Today, Capt. Andrew Burgess, a Special Forces officer assigned to 1st Battalion, 10th Special Forces Group (Airborne) at Panzer Kaserne, Germany, lives the phrase.

The Department of the Army announced the 2008 MacArthur Leadership Awardees on Mar. 6, 2009.  Burgess was selected as one of 13 active duty commissioned company grade officers from throughout the Army to receive the honor.  

Those selected, according to the award announcement, must demonstrate absolute commitment to Army values, possess unparalleled leadership skills and exhibit the ability to understand human nature and gain consensus among diverse groups.  Burgess has had ample opportunities to build upon these qualities during the three and a half short years he’s served with 1-10 SFG(A).

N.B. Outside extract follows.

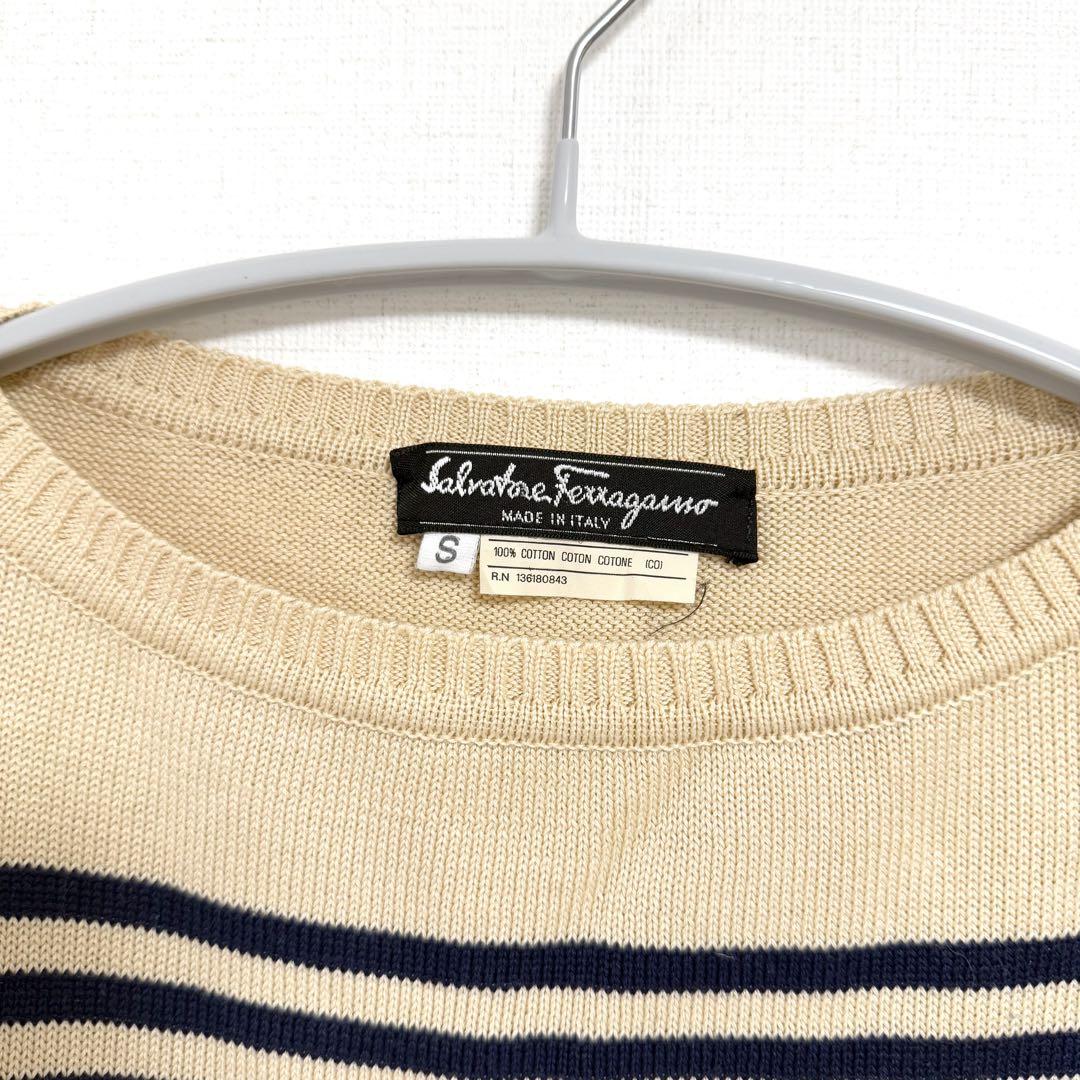Salvatore Ferragamo シルクコットン半袖ニットBEIGE S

Currently serving as the Headquarters and Service Company Commander at 1-10 SFG(A), Burgess began his Army career with the 25th Infantry Division at Schofield Barracks, Hawaii after graduation from James Madison University in Harrisonburg, Va. in 2000.  After graduation from the Special Forces Qualification Course in 2005, he was assigned to an Operational Detachment – Alpha at 1-10 SFG(A).

His travels while at the battalion have taken him to the hottest places on earth, both in terms of temperature and hostilities.  One of his greatest leadership challenges came while in Iraq.

“We were responsible for advising a battalion-sized element from the Iraqi military that executed continuous combat operations as directed from their National level leadership,” he said. “We overcame harsh environmental conditions in order to prove our worthiness as combat advisors and ultimately improve their progress towards conducting unilateral operations.”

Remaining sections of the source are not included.